The Trieste regex engine is a header-only C++20 NFA-based matcher in include/trieste/regex_engine.h. It compiles UTF-8 regexes with a shunting-yard + Thompson pipeline and simulates them with epoch-based state deduplication.

The engine started as an iregexp-focused implementation, but now includes compatibility extensions used by Trieste parsers and rewrite helpers.

Architecture Overview

The engine processes a regex in four phases:

regex string ──► postfix runes ──► NFA ──► finalization ──► simulation
               (shunting-yard)   (Thompson)  (closures+bitmaps) (parallel)

Shunting-yard (regexp_to_postfix_runes): Converts regex text to a postfix rune stream with explicit operators.
Thompson's construction (postfix_to_nfa): Walks the postfix sequence and builds an NFA from StateDef nodes using a fragment stack.
Finalization (precompute_epsilon_closures + finalize_states): Precomputes epsilon closures (with trivial-closure detection) and populates per-state ASCII acceptance bitmaps.
Parallel simulation (match / find_prefix): Tracks active NFA states using precomputed epsilon closures and per-call MatchContext state.

Headers

Header	Purpose
`regex_engine.h`	Engine implementation (all phases, `RuneClass`, sentinels)
`unicode_data.h`	Unicode 15.1 General Category range tables + precomputed ASCII bitmaps
`utf8.h`	UTF-8 encoding/decoding, `rune_t` type definition

regex_engine.h includes both unicode_data.h and utf8.h.

Public API

RegexEngine(const std::string_view& utf8_regexp);
RegexEngine(const std::string_view& utf8_regexp, SyntaxMode mode);
bool ok() const;
size_t num_captures() const;
SyntaxMode syntax_mode() const;
bool match(const std::string_view& utf8_str) const;
bool match(
  const std::string_view& utf8_str,
  MatchContext& ctx) const;
size_t find_prefix(
  const std::string_view& utf8_str,
  bool at_start = true) const;
size_t find_prefix(
  const std::string_view& utf8_str,
  MatchContext& ctx,
  bool at_start = true) const;
size_t find_prefix(
  const std::string_view& utf8_str,
  std::vector<Capture>& captures,
  bool at_start = true) const;
size_t find_prefix(
  const std::string_view& utf8_str,
  std::vector<Capture>& captures,
  MatchContext& ctx,
  bool at_start = true) const;
SearchResult search(
  const std::string_view& utf8_str,
  size_t start_pos = 0) const;
SearchResult search(
  const std::string_view& utf8_str,
  std::vector<Capture>& captures,
  MatchContext& ctx,
  size_t start_pos = 0) const;

SyntaxMode::Extended (default) enables the full regex syntax.
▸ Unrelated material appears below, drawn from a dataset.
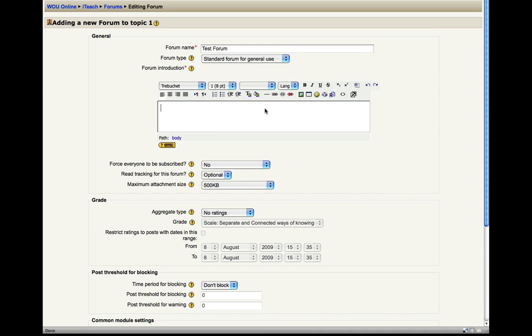Here you can add some instructions for the students regarding what you want them to post in terms of even just the kind of fundamentals of how you want them to post, whether you want them to reply to this one or if you want each student to start their own thread in the forum and respond to each other that way. Or you can just leave it at the content you wish them to discuss.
SyntaxMode::IregexpStrict restricts to RFC 9485 iregexp.
ok() returns true when the regex compiled successfully (no errors).
match() checks full-string match for the given input.
find_prefix() returns the longest matching prefix length, or npos.
search() finds the first match anywhere in the string starting from a byte offset. Returns a SearchResult with match_start, match_len, and found(). The capture-aware overload fills group spans and reuses a MatchContext across calls. Used by TRegex::GlobalReplace.
Capture-aware find_prefix() fills group spans as byte offsets.
at_start controls whether ^ can match in this invocation. This is used by wrapper-level scanning logic (for example global replacement probe loops).
MatchContext is the reusable per-caller/per-thread scratch state for simulation and stats.

Rune Constants

All constants live in namespace trieste::regex as inline constexpr.

ASCII character constants

Named aliases for ASCII characters that have syntactic meaning in regexes:

Constant	Value	Purpose
`Backslash`	`'\\'`	Escape character
`LParen`	`'('`	Open group
`RParen`	`')'`	Close group
`Pipe`	`'	'`
`Question`	`'?'`	Zero-or-one syntax
`Asterisk`	`'*'`	Zero-or-more syntax
`Plus`	`'+'`	One-or-more syntax

Operator sentinel runes

Internal operator tokens placed in the postfix stream. Their values are in the range 0xAFFF00–0xAFFFFF, well outside Unicode, so they cannot collide with literal runes (including escaped operators like \*):

Sentinel	Value	Arity	Precedence
`Catenation`	`0xAFFF00`	Binary	2 (middle)
`Alternation`	`0xAFFF01`	Binary	1 (lowest)
`ZeroOrOne`	`0xAFFF02`	Unary	3 (highest, emitted immediately)
`ZeroOrMore`	`0xAFFF03`	Unary	3 (highest, emitted immediately)
`OneOrMore`	`0xAFFF04`	Unary	3 (highest, emitted immediately)
`Split`	`0xAFFF05`	—	NFA-only (epsilon state)
`WordBoundary`	`0xAFFF06`	Unary	Conditional epsilon (`\b`)
`LazyZeroOrOne`	`0xAFFF07`	Unary	Lazy quantifier `??`
`LazyZeroOrMore`	`0xAFFF08`	Unary	Lazy quantifier `*?`
`LazyOneOrMore`	`0xAFFF09`	Unary	Lazy quantifier `+?`
`StartAnchor`	`0xAFFF0A`	Unary	Conditional epsilon (`^`)
`EndAnchor`	`0xAFFF0B`	Unary	Conditional epsilon (`$`)
`Match`	`0xAFFFFF`	—	NFA-only (accept state)

Class-ref sentinels

A label in the range [RuneClassBase, RuneClassMax] (0xBF0000–0xBFFFFF) is not a literal rune but an index into RegexEngine::rune_classes_. This allows StateDef to remain unchanged — a class-ref is just a label value that step() dispatches differently.

Constant	Value	Purpose
`RuneClassBase`	`0xBF0000`	Start of class-ref index space
`RuneClassMax`	`0xBFFFFF`	End of class-ref index space (64K classes)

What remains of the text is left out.